Because the nursing home didn’t have a morgue and therefore couldn’t hold the body, the family had to scramble to find another funeral home to hold Huskey’s body and then another funeral home — one 90 miles away — to handle the cremation. Due to the distance, the family couldn’t hold a memorial luncheon as originally planned.
Zawadski, with the help of Lambda, is now suing the Picayune Funeral Home, along with its parent company, Brewer Funeral Services, for breach of contract, intentional and negligent infliction of emotional distress, and negligent misrepresentation. (The funeral home has refused to comment to media, citing legal advice from an attorney.)
But here’s the shocking truth: The type of discrimination that the funeral home is engaging in is, in fact, legal in most states across the US. Most states and the federal government don’t have any laws that explicitly ban anti-LGBTQ discrimination in any setting, creating a situation in which a funeral home can refuse to service a same-sex couple just because of their sexual orientation.

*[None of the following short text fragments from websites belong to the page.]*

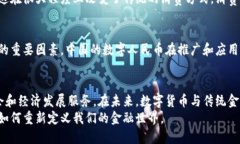 中国虚拟币创新之路：探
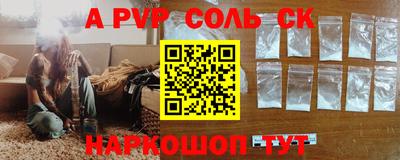 прущие грибы Усть-Илимск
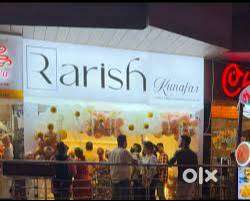 Kitchen Staff - Barista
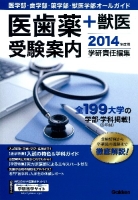 学校案内『２０１４年度用　医歯薬＋獣医受験案内　医学部・歯学部・薬学部・獣医学部オールガイド』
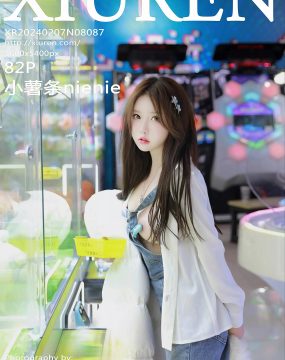 秀人网 No.8087 小薯条nienie
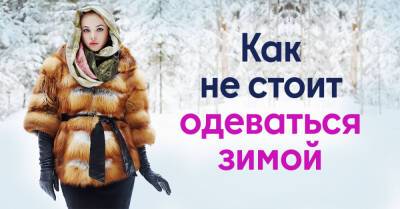 Как привлекательной женщине не стоит одеваться в зимнюю пору, чтобы не прослыть деревенщиной - takprosto.cc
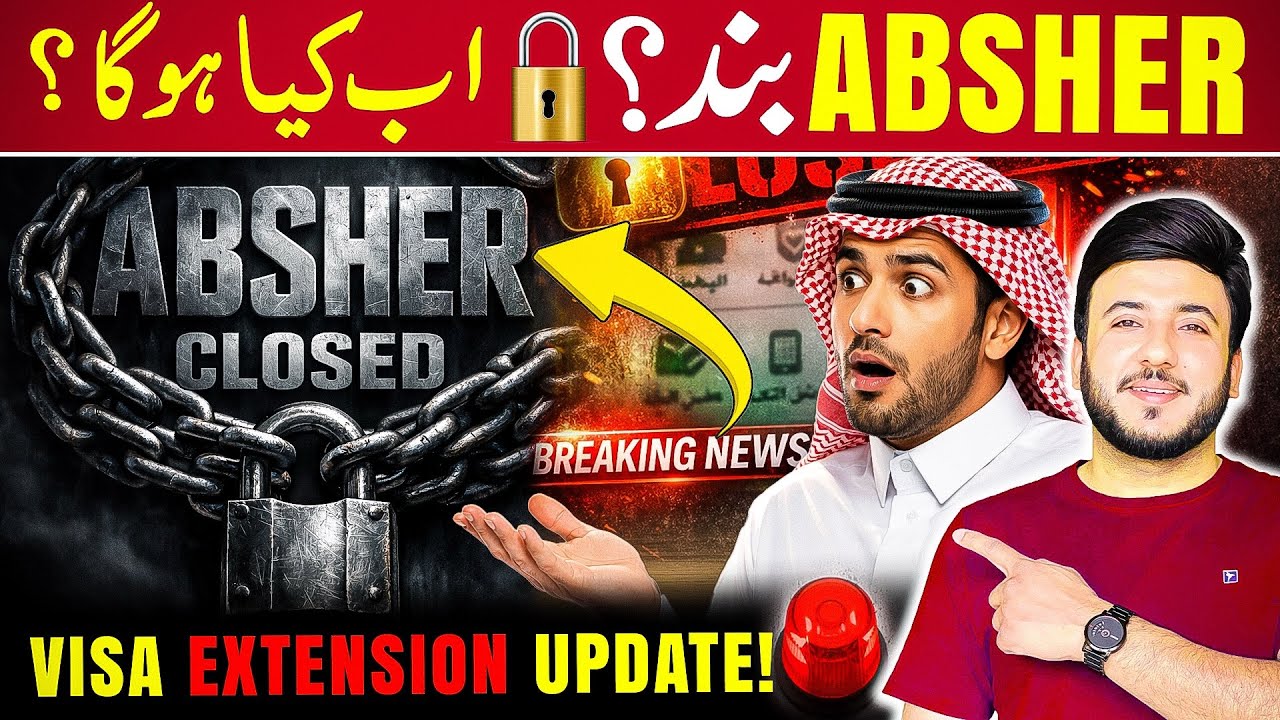 Family Visit Visa Extension Stopped: Absher Closed | Latest Saudi Update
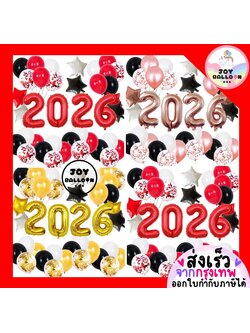 ลูกโป่งปีใหม่ 2026 Happy New Year ตกแต่งงานปีใหม่ ปาร์ตี้ สิ้นปี Balloon Decoration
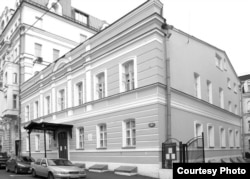 Дом Цветаевой в Борисоглебском переулке.
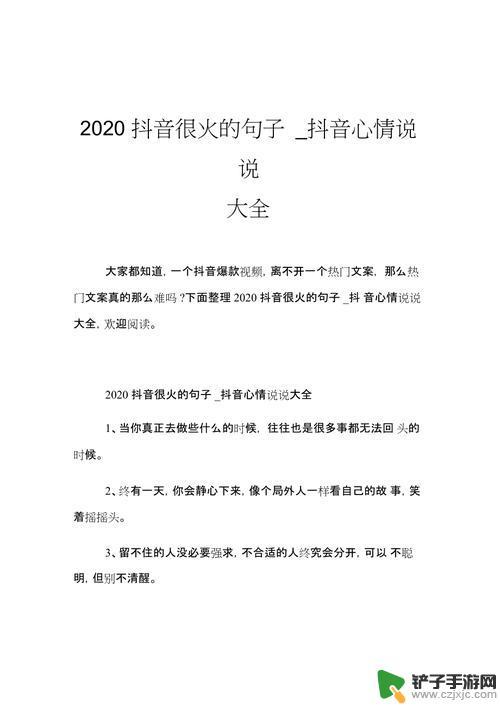 放松自己抖音说说(放松自己抖音说说搞笑)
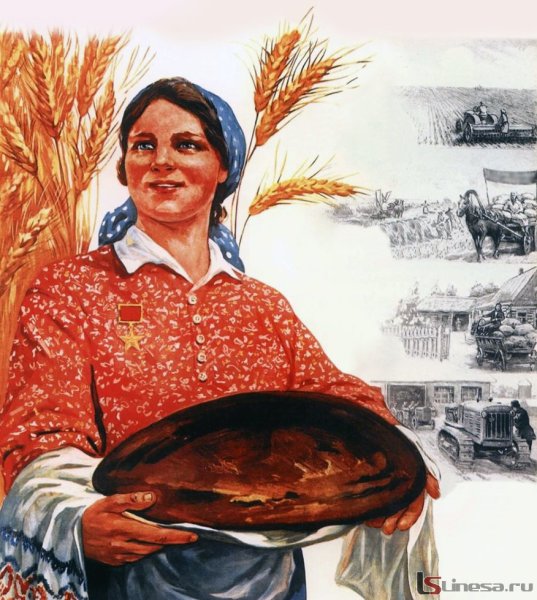 Хлеб плакат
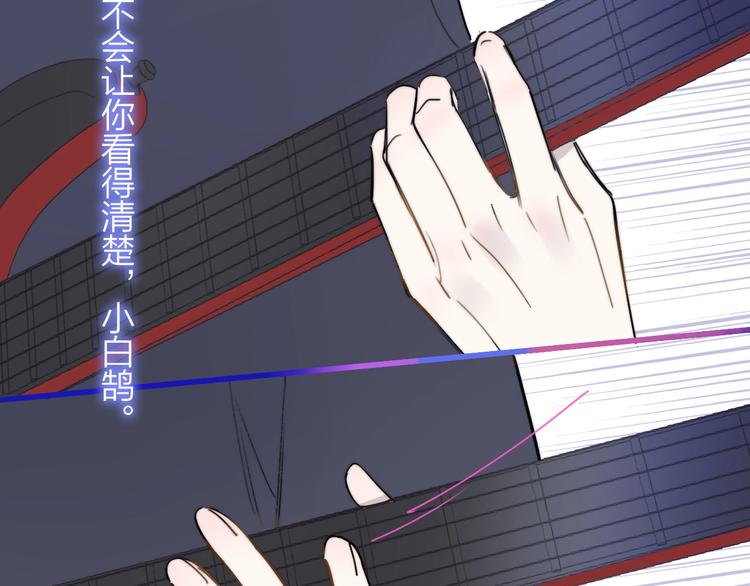 非友人关系韩漫全集-第21话  改变无删减无遮挡章节图片 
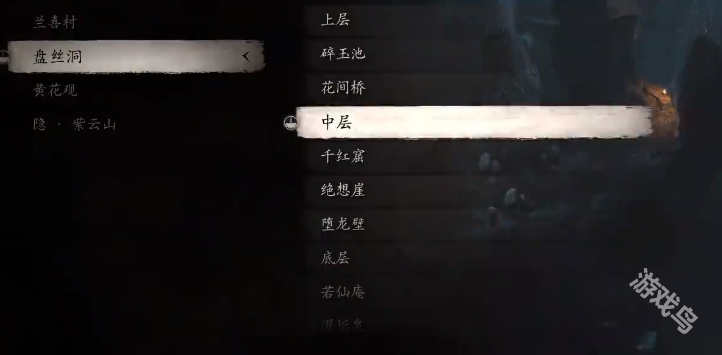 黑神话悟空四妹支线第一张符位置介绍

Anti-LGBTQ discrimination isn’t explicitly illegal in most states
As it stands, most states and the federal government lack explicit nondiscrimination laws for LGBTQ people in the workplace, housing, public accommodations (restaurants, hotels, funeral homes, and other places that serve the public), and school. This means that a person can be fired from a job, evicted from a home, kicked out of a business, or denied the right school bathroom just because an employer, landlord, business owner, or principal doesn’t approve of the person’s sexual orientation or gender identity.
Civil rights laws, going back to the 1960s at the federal level, prohibit discrimination based on race, color, religion, sex, or national origin in all or some these settings. But these laws haven’t been expanded to explicitly include sexual orientation or gender identity in most of America.
Some advocates argue that federal law should already protect LGBTQ people. They say that bans on sex discrimination, which exist under federal law, should cover LGBTQ people, because discrimination against people based on their sexual orientation or gender identity is fundamentally rooted in sex. For example, if someone discriminates against a gay man, that’s largely based on the expectation that a man should only love or have sex with a woman — a belief built on the idea of what a person of a certain sex should be like.
But not all courts have legally validated this argument. And even if they did, it would not apply nationwide to public accommodations, because federal law doesn’t ban sex discrimination in public accommodations.
So for the time being, LGBTQ people aren’t explicitly protected under the law in most states. And that allows cases like Zawadski and Huskey’s to happen over and over again.